As for the people who plan their kids and are not on welfare, I have nothing against them as long as they are raising their kids right. If they truly feel that they are living in a household of joy, raising children, good for them. I don’t know how they see past the mess, the noise, or the sacrifice in time and money. But if they have nothing else to live for, no wholesome interests, no talents to bring to their full potential, I see no reason to deny that they may be living in the life that God intended for them.

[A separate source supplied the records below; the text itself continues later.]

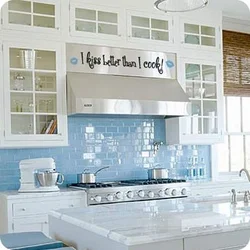 White kitchen with blue apron photo
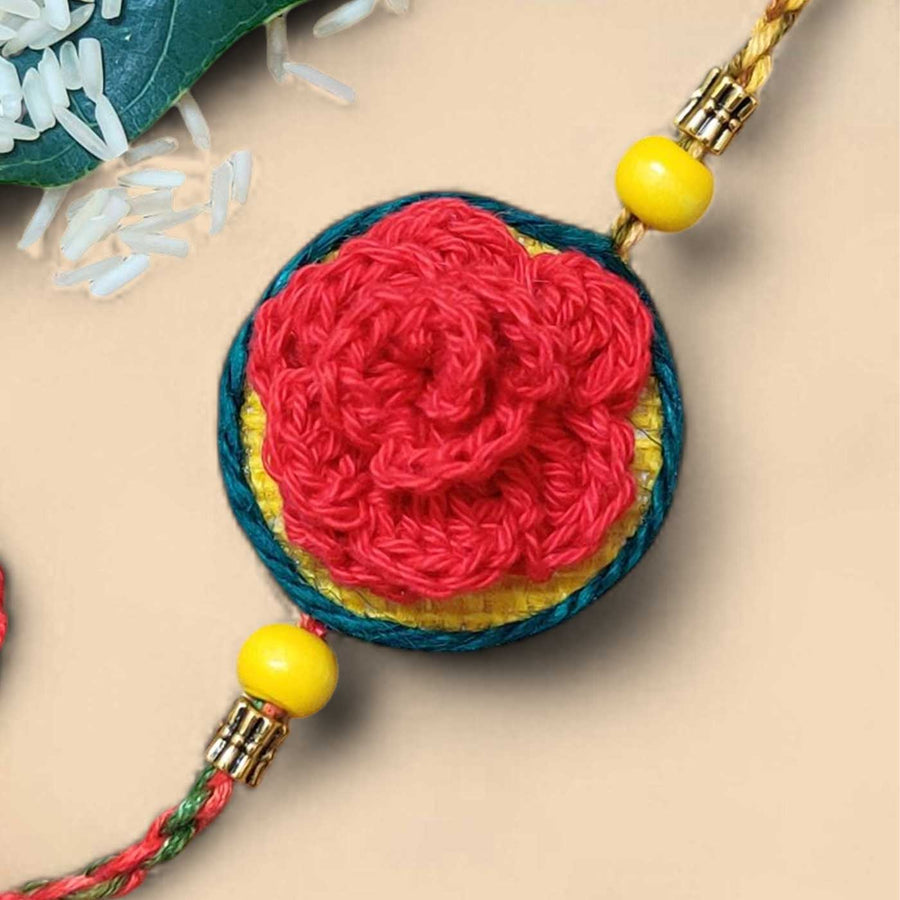Customized Handmade Crochet Rose Theme Cotton Rakhi With Roli Chawal - Close-up of Red Flower Detail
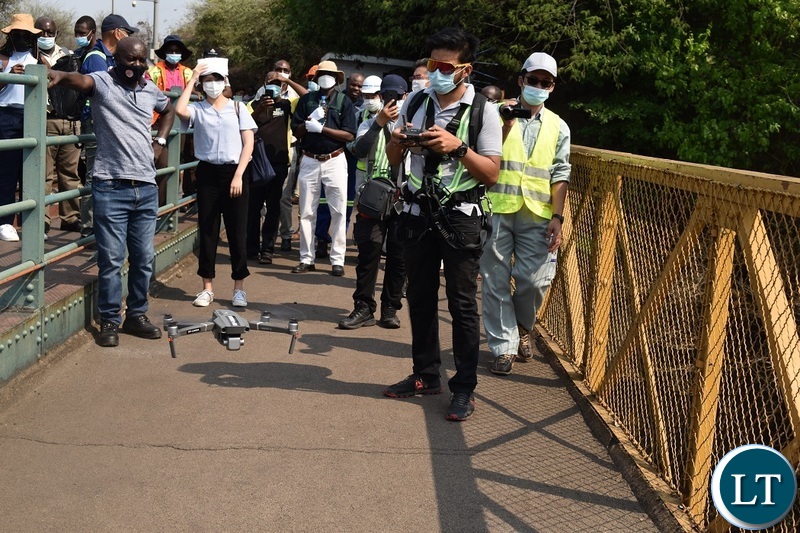 SRDP Consultancy Drone expert Xervy Veloso(right) demonstrating to engineers from Zambia and Zimbabwe on how to conduct special bridge inspections using  drone technology on the Victoria Falls Bridge in Livingstone as Road Development Agency(RDA) senior corporate affairs manager Anthony Mulowa(in white shirt) looks on. The US $ 6.5 million bridge maintenance project is aimed at building capacity in bridge engineers. Picture by KELVIN MUDENDA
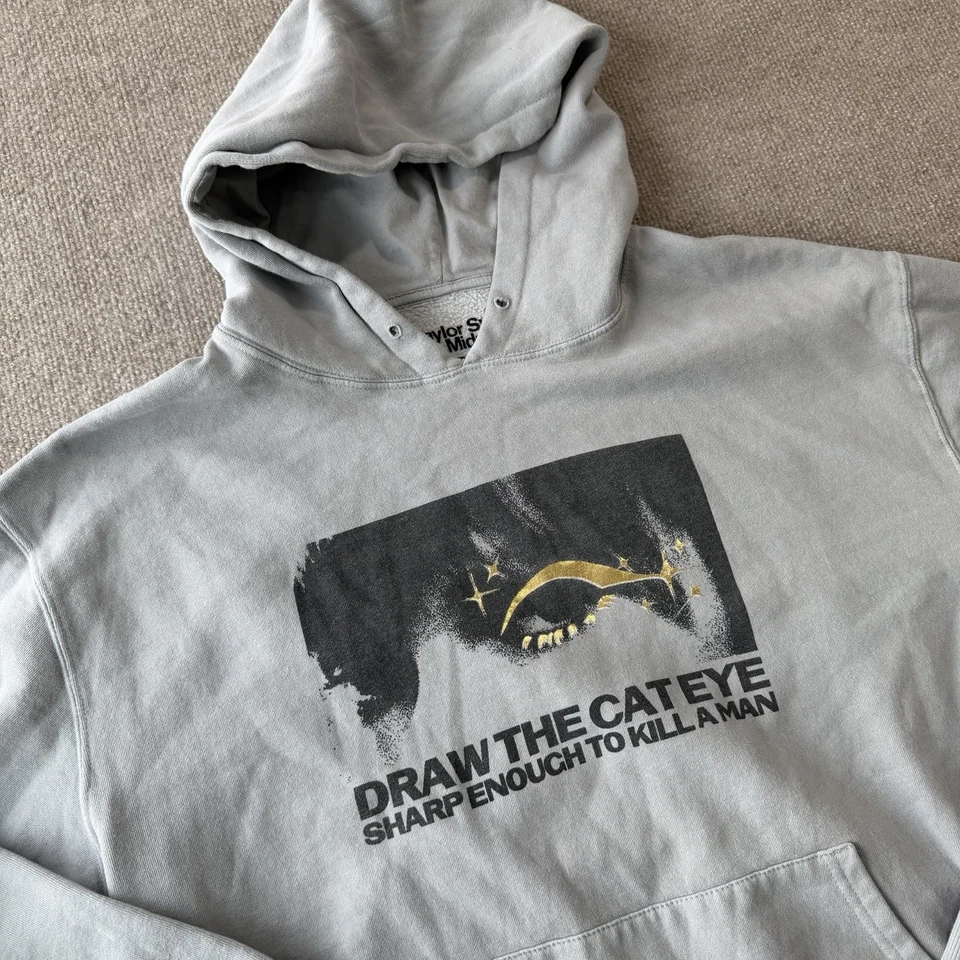 Sudadera con Capucha Taylor Swift Midnights Dibuja el Ojo de Gato Gris Adulto Grande Foto 1 de 4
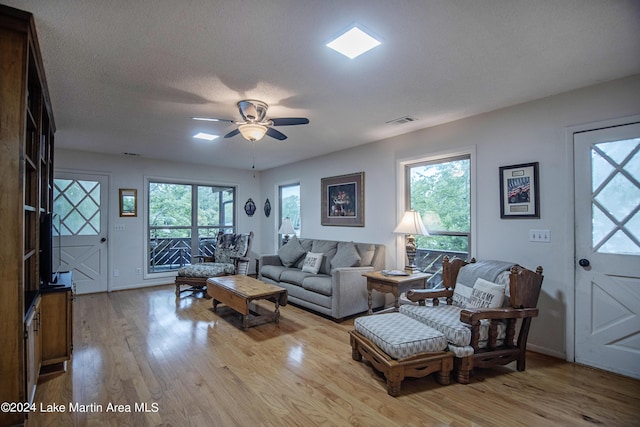 living room featuring ceiling fan, plenty of natural light, light hardwood / wood-style floors, and a textured ceiling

I know I shouldn't call people I've observed in the past "idiots" or "hoes" or the like; it's just really frustrating when you think about it. My wife feels no different. We both try to live as we think God would have us live. We have had to try more than one church before we found one that was right for us. At one church that we'll never go back to, Sara went to a women's "bible study". The bible happened to never come up; the "bible study" was nothing but a circle of nine women starting a ridiculous pity party, making confessions, and bawling about them. One girl (I'll call her Kim just to make the story easier to tell) decided to confess that she got pregnant in high school, gave birth to a "handicapped" boy, and then ran away from home after deciding the kid was too much for her to handle. So, Kim's parents are stuck with the poor "handicapped" boy, who is 6 by now. AND, they have no idea where Kim is! Nor do they know that Kim has been married to a guy in the military for the last 5 years. After she confessed all this, she bawled some more and said that she would never go back to her son or her parents, just because she was too scared to face them. You'll never believe what she said next: "I know God can forgive me for this. I think I deserve a second chance at being a mother." Sadly enough, she was given that chance by her eager-to-procreate husband.

I was once concerned that I would be alone forever after I chose not to have children. The very few women I met in the past who wanted no children were all atheists. It seems as if almost all religious women believe that being religious automatically means being family oriented. I am very thankful that I have met a Christian who knows better than that.

Thank you for your time.

August 28, 2007 7:37 AM
 

Karishma said:

I love you Jake Radison! Another woman here who doesn't want those icky ungrateful irritating bloody creatures. Sorry to the breeders! But that is the truth.